- **Work task**
Where the records below have a line with "East", that line is to be copied.

Collected data:
--- START ---

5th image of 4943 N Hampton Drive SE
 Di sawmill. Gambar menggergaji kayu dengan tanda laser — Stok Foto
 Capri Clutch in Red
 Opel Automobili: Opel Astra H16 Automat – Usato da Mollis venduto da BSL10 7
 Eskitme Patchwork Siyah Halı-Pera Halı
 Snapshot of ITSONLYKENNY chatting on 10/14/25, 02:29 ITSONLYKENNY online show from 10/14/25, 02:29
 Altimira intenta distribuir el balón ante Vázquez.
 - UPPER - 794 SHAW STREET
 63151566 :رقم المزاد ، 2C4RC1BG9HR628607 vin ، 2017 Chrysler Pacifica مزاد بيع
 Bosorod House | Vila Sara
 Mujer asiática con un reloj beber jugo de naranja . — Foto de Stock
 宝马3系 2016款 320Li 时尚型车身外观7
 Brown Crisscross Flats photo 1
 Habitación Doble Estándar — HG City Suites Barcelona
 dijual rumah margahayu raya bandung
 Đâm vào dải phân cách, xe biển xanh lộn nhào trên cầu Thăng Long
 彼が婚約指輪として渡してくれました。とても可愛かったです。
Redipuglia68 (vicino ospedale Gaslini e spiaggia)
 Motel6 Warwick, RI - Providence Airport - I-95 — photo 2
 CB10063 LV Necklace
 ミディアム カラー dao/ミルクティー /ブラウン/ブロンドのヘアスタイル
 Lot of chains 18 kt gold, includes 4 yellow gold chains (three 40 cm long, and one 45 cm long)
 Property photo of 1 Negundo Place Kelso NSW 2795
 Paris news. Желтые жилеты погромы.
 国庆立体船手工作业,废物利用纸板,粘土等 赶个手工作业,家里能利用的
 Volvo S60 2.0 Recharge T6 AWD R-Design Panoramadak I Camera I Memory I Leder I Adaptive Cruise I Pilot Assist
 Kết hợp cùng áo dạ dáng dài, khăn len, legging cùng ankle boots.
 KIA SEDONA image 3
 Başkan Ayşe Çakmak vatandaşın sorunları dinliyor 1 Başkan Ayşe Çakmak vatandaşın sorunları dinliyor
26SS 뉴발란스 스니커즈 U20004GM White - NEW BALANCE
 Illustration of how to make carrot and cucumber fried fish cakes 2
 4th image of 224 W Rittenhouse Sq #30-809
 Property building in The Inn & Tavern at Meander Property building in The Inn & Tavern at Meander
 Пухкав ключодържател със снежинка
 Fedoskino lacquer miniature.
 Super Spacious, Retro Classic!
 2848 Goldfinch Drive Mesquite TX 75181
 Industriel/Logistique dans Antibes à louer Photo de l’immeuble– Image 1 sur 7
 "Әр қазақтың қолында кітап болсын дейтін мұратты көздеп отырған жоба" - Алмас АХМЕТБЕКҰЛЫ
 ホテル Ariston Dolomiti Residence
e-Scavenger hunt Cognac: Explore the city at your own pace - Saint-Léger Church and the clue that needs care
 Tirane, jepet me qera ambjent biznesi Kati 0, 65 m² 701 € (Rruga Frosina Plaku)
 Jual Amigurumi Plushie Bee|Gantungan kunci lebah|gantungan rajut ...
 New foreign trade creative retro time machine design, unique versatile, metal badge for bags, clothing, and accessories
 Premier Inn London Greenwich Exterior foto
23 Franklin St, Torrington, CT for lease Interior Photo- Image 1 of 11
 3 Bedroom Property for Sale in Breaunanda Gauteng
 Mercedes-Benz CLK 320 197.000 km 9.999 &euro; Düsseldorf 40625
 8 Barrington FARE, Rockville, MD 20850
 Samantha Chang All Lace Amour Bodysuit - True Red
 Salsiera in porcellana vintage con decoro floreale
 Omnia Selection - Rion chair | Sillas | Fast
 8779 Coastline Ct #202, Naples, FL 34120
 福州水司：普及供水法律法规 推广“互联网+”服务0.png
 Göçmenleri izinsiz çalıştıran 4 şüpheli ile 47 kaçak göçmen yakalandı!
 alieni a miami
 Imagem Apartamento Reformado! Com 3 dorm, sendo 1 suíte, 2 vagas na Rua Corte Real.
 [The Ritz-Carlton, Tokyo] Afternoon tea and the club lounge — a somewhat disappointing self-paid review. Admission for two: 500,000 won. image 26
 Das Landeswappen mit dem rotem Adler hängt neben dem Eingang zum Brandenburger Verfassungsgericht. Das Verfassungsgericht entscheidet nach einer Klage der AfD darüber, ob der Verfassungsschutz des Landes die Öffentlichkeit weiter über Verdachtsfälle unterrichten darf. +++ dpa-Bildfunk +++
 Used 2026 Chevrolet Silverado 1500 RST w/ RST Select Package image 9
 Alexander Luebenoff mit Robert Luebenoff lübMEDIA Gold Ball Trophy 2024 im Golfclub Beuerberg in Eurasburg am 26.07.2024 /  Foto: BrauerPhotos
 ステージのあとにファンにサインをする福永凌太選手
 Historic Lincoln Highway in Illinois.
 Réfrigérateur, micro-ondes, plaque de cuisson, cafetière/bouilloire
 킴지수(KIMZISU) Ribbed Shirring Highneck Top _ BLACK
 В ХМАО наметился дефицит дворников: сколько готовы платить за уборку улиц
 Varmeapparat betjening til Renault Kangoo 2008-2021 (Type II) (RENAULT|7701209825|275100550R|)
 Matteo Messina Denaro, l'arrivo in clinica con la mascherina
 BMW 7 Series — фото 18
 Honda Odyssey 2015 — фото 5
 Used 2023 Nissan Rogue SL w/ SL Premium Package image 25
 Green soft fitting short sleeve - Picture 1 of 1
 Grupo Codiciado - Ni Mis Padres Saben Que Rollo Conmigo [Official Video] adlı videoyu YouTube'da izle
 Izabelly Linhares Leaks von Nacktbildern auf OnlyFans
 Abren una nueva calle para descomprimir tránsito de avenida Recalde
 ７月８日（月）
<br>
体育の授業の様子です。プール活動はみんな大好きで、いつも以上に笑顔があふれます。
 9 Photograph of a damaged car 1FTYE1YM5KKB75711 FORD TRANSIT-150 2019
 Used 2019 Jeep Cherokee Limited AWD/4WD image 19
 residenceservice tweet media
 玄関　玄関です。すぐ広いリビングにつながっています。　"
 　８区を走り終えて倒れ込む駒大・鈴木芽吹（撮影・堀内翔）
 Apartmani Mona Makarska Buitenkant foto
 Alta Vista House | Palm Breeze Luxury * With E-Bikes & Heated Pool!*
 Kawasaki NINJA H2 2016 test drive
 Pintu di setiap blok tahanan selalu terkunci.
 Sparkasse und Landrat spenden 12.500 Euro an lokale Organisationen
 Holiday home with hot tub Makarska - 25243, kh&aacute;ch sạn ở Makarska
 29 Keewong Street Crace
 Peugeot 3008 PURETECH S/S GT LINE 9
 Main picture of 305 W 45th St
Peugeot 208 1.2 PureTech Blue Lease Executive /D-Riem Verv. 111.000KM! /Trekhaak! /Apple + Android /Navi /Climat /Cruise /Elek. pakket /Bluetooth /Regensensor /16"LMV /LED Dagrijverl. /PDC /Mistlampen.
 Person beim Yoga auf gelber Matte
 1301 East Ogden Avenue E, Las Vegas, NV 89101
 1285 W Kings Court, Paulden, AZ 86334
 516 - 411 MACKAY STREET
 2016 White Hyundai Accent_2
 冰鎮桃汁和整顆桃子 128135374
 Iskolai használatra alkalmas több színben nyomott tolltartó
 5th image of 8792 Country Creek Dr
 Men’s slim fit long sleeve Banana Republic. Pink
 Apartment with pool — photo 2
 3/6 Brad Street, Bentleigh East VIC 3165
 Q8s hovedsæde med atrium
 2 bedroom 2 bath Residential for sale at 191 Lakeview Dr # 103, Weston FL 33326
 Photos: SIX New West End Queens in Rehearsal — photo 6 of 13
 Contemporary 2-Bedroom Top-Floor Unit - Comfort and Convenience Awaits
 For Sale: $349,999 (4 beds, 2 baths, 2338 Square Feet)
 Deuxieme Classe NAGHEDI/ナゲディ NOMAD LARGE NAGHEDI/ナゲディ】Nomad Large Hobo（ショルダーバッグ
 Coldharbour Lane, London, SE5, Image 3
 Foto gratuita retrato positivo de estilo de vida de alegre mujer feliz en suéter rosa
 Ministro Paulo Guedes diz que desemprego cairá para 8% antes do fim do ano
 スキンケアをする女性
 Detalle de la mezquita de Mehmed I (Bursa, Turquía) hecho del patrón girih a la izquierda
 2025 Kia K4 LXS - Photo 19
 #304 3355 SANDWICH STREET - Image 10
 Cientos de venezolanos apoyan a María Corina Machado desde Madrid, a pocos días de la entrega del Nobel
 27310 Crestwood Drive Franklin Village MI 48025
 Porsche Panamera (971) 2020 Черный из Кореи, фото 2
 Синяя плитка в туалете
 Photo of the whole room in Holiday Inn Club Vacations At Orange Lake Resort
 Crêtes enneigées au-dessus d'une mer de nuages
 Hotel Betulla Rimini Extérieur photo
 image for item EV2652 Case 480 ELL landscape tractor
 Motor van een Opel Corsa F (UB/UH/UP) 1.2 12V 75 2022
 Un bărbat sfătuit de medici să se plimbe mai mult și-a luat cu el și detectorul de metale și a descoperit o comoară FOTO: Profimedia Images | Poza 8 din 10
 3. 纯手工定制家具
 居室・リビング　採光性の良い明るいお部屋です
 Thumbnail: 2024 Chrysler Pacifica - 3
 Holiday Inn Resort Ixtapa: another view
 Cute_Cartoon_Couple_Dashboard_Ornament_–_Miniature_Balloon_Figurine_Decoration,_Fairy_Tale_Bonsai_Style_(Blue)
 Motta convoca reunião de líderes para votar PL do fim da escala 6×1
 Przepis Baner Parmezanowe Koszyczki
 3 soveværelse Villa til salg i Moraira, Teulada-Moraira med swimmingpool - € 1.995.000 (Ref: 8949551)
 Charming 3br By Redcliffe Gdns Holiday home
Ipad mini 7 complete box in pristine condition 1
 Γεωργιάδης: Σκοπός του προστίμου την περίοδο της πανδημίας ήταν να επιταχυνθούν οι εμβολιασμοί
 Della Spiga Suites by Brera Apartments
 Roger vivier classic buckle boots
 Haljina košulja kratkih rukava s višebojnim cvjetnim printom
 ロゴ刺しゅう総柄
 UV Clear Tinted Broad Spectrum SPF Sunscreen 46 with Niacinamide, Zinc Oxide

--- END ---

- **Task solution**
 1301 East Ogden Avenue E, Las Vegas, NV 89101
 3/6 Brad Street, Bentleigh East VIC 3165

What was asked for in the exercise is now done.